One may argue that risk and compliance isn’t simple, but rather both complex and complicated.
In today’s world environment when so many things are up in the air with much unpredictability, simplification is key for success in execution.
Over the years, I have read various studies claiming that people tend to overestimate their ability to influence events that, in fact, are heavily determined by chance. We tend to be overconfident about the accuracy of our forecasts and risk assessments and far too narrow in our assessment of the range of outcomes that may occur.
We also anchor our estimates to readily available evidence despite the known danger of making linear extrapolations from recent history to a highly uncertain and variable future. We often compound this problem with a confirmation bias, which drives us to favour information that supports our positions (successes) and suppress information that contradicts them (failures).
We typically manage our regulatory compliance using a long list of obligations from a plethora of regulations that is difficult to associate to an organisation’s systems and processes. Any adjustments to existing systems, processes or regulations sees a tectonic shift that then takes a massive effort to coordinate and manage.
One of the most prominent messages over the last couple of years since the Banking Royal Commission is the need for a risk-based approach to regulatory compliance. This means identifying and assessing any risks associated with non-compliance to obligations, i.e. the importance of the compliance obligations that have been breached, conduct in the context of the breach and following the breach and the impact of the breach. Managing events and aligning them to compliance, legal and regulatory risks is vital to have the right conversations at executive and board levels.
Whilst a compliance-based risk approach is effective for preventable risks, strategic and external risks need a different approach. Strategic risk taking is desirable for the organisation's growth and external risk management requires detailed senior executive conversations. Having said that, all three categories are known risks – meaning that a great deal of the risks we manage we already know of, or have experienced along with standard controls that can be used to mitigate.
Using standardised risks and controls get the ball rolling faster and more efficiently.

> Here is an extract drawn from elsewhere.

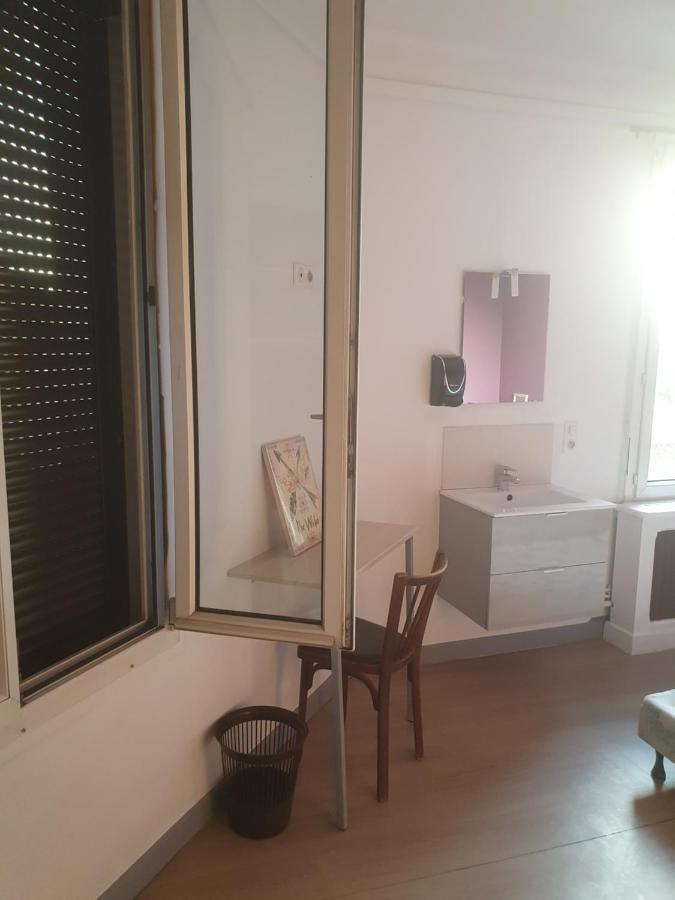 Hotel Aux Bons Amis Реймс Экстерьер фото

This reduces the effort that goes into interpretation, effective communication, systems integration and related skill building along with reducing bias. This leaves us with sufficient headspace to manage the unknown unknown when they arise.
Use automation to keep abreast of regulatory changes and keep informed of events around the world. In the past, most risks were not identified let alone managed and mitigated as the awareness associated to consequences and practical application is almost always missing.
In today’s social media age, risk information is available at your fingertips to easily digest and transform risk and compliance culture. Also, automated linkage of responsibilities to regulations, internal control frameworks and further into operational systems carries the promise of enabling faster response times with much less effort for every regulatory change.
An integrated view of risks, policies, procedures, regulations, controls framework to responsibilities and accountabilities is needed to prepare for Financial Accountability Regime (FAR). Further, new age automation technologies are largely AI-driven and heavily reliant on accurate data. For example, anti-money laundering as well as transaction processing are both done post-facto.
Instead, a proactive approach allows real-time client alerting on payments providing the ability to question in-flight transactions. Data collection has traditionally been an afterthought. Instead, the use of automation to match data to key risk indicators and risk appetites will enable timely and simpler decision making.
Implementing a "standardised risks" risk-based approach to regulatory compliance, automation and data harvesting will significantly help manage the challenge of balancing budgets in the wake of ever-increasing compliance costs and dealing with a high volume of regulatory change expected in 2021 - therefore, making all things risk and compliance simpler, easier and quicker.
2021 will be the year of risk & compliance - there is no better time to start!